◆ Problem description: Send back the records exactly as written, with no images.

◆ Dataset records:
+++++

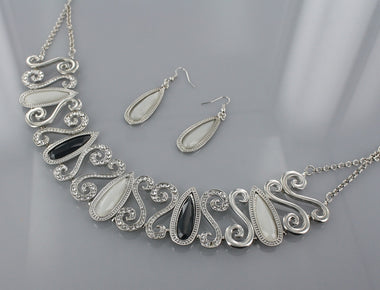 Rhinestone and Multi Tone Acrylic Bead Drape Necklace and Earring Set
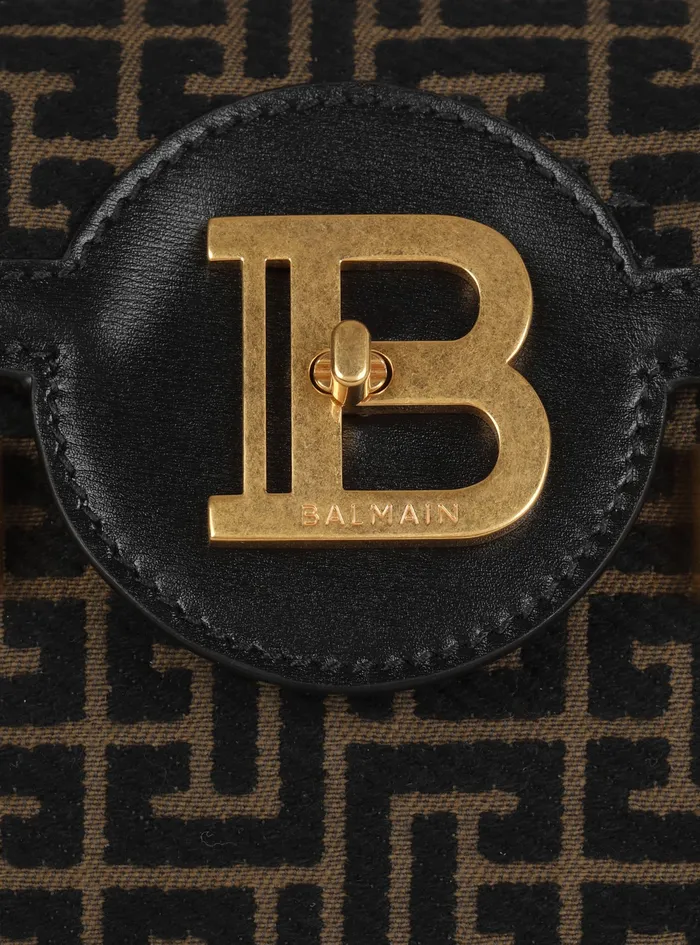 Balmain BBuzz Bags Womens Bicolor Jacquard BBuzz 23 Bag With Black Leather Panel Khaki Balmain BBuzz Bags Womens Bicolor Jacquard BBuzz 23 Bag With Black Leather Panel Khaki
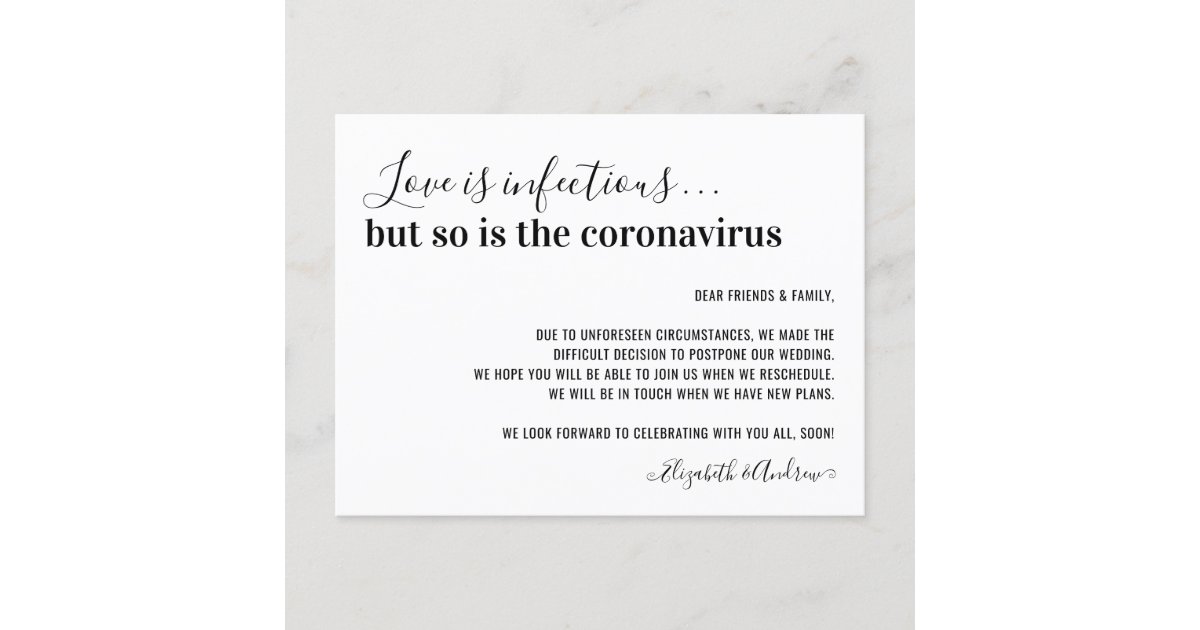 Love is Infectious Covid19 Wedding Postponement Announcement Postcard | Zazzle.com
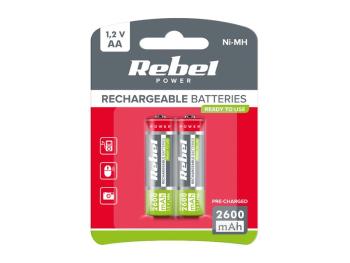 Batéria AA (R06) nabíjací 1,2V/2600mAh REBEL 2ks / blister BAT2003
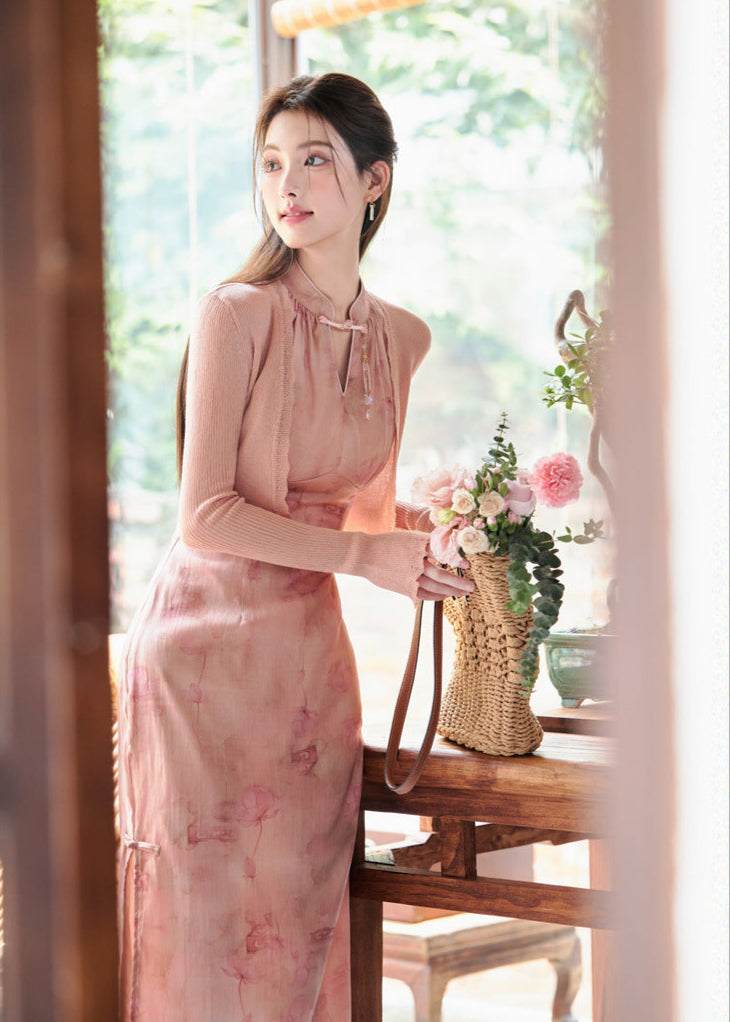 Chinese Style Pink Gradient Halter Cold-Shoulder Qipao Dress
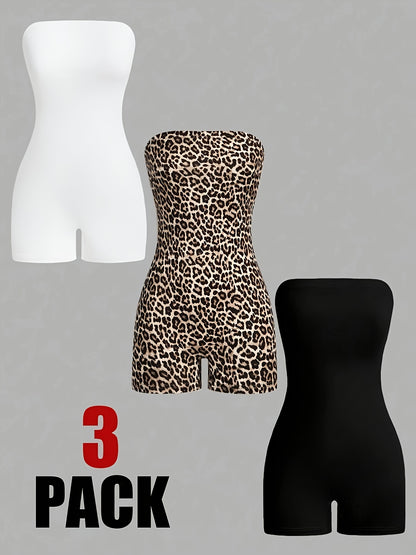 Sheila- 3 pièces combishort noir, blanc, leopard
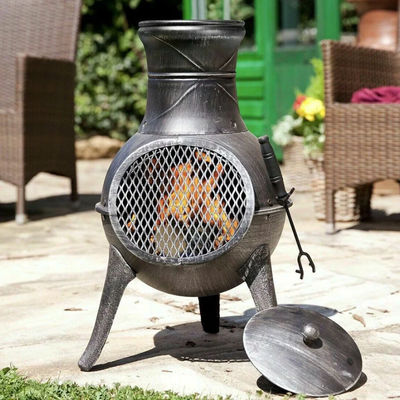 금속 야외 patio 뒷마당 정원 캠핑 중량 강철 목재 연소 석탄 연소 연소 빗 모자를 가진 Chimenea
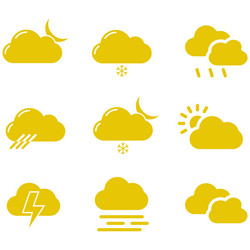 clouds icons set of in different form vector image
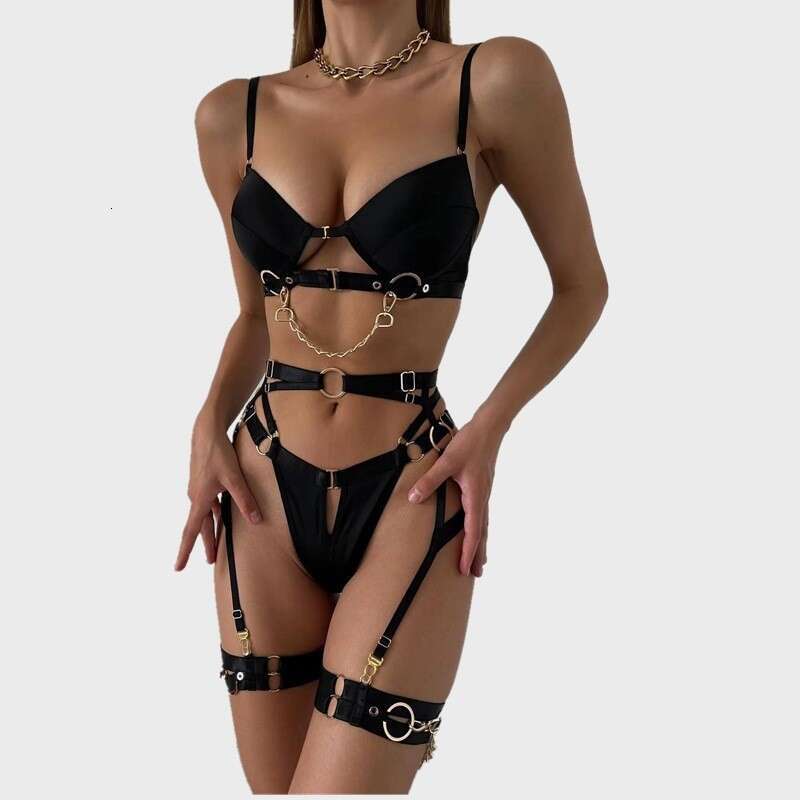 Spell Lingerie Porn Suits Metal Punk Style Large Bust Minimizer Sexy Hot Girl Leg Binding Temptation Lingerie Women S Four Piece Set Sexy Lingerie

+++++

◆ Your response:
 Rhinestone and Multi Tone Acrylic Bead Drape Necklace and Earring Set
 Balmain BBuzz Bags Womens Bicolor Jacquard BBuzz 23 Bag With Black Leather Panel Khaki Balmain BBuzz Bags Womens Bicolor Jacquard BBuzz 23 Bag With Black Leather Panel Khaki
 Love is Infectious Covid19 Wedding Postponement Announcement Postcard | Zazzle.com
 Batéria AA (R06) nabíjací 1,2V/2600mAh REBEL 2ks / blister BAT2003
 Chinese Style Pink Gradient Halter Cold-Shoulder Qipao Dress
 Sheila- 3 pièces combishort noir, blanc, leopard
 금속 야외 patio 뒷마당 정원 캠핑 중량 강철 목재 연소 석탄 연소 연소 빗 모자를 가진 Chimenea
 clouds icons set of in different form vector image
 Spell Lingerie Porn Suits Metal Punk Style Large Bust Minimizer Sexy Hot Girl Leg Binding Temptation Lingerie Women S Four Piece Set Sexy Lingerie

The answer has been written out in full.